The material keeps it all together
- You'll need to secure the elastic material to the "Y" of your slingshot. You can use dental floss, twine, or electrical tape.
With those 5 materials, you can put your slingshot together, test it, adjust it accordingly, and customize it to how you want it to be.
You might get the chance to fish if you find yourself close to a body of water. A fishing pole might seem like a crazy thing to have in your EDC kit, so we're going to opt for a fishing net made entirely of paracord instead! If you want to learn the specifics of how to make one, we suggest watching the video above for the exact steps.
We'll also take this time to say that having paracord on you is the most useful thing — you can create other things with the humble paracord. Stock up on it!
Bug Out Vehicle (BOV) DIY Project BONUS
Bug out vehicles are a must for any prepper, but it can get a bit expensive, especially if you're planning to get a new one. One solution? DIY-ing your existing vehicle to make it more bug out appropriate.
There's a lot you can do, but we'll go with the most straightforward project that you can do for your BOV — EXTRA STORAGE SPACE.
We want to be prepped when we move out to head to our bug out location, and space might be an issue with your BOV; you might not have enough. One way to address that problem is to attach a roof rack.
You can't just build ANY roof rack, though. As always, there are two things you need to consider before you take those protective work gloves out:
- What will you be loading onto the roof rack and into your car?

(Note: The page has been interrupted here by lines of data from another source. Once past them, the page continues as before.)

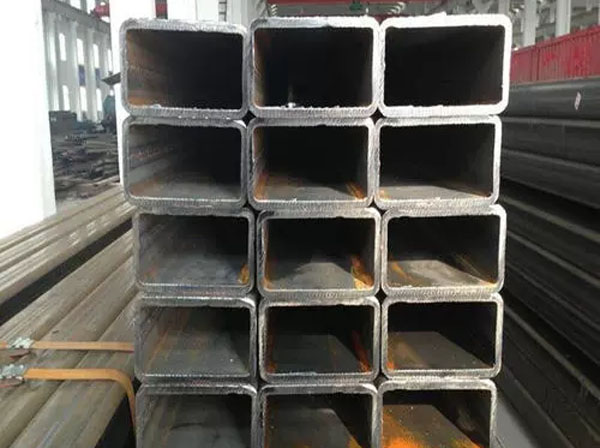 40Cr盈江无缝<a href='https://yingjiang.wxsttgc.com/' target='_blank' title='盈江方矩管'><strong>盈江方矩管</strong></a> 非标规格合金无缝盈江盈江盈江方矩管 40Cr无缝盈江盈江盈江方矩管 非标规格合金无缝盈江盈江盈江方矩管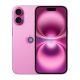  Apple iPhone 16 hálózat független készülék eladása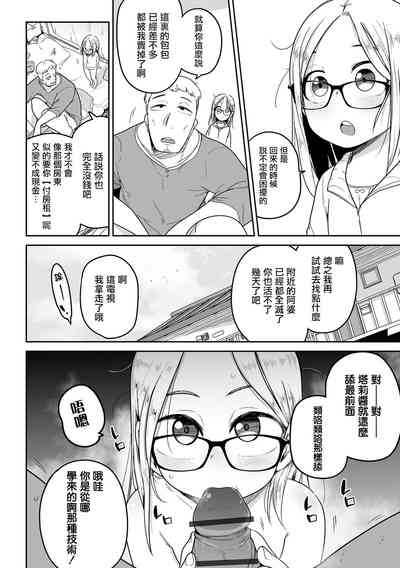 第15頁圖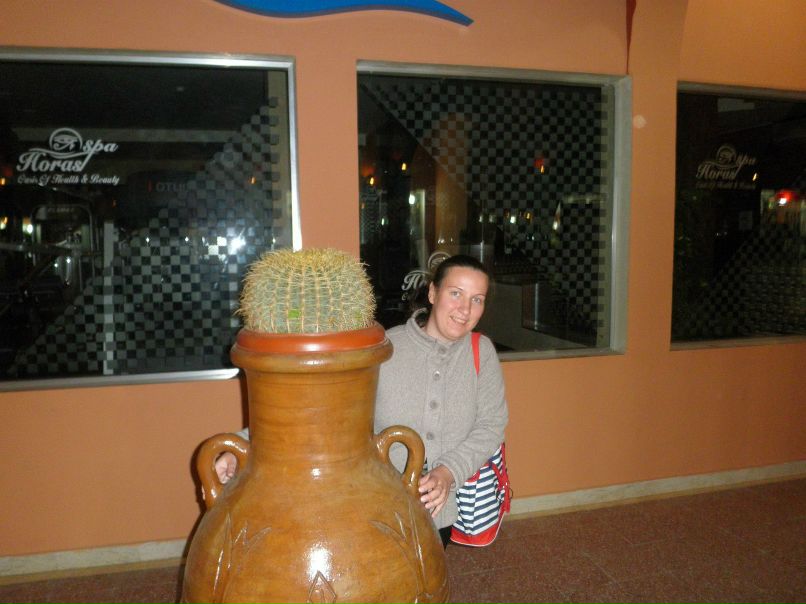 Татьяна Динец |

- What does your car's roof look like, and how much can it hold?
You wouldn't put a heavy metal roof rack on top of a VW Beetle or a Mini Cooper, right? So, again planning before you dive headfirst into DIY-ing is needed.
DIY-ing might not be for everyone, but learning how to DIY will be of so much help. Remember, start easy and work up from there. Big projects will always be around, so go for the DIY projects that will help you now.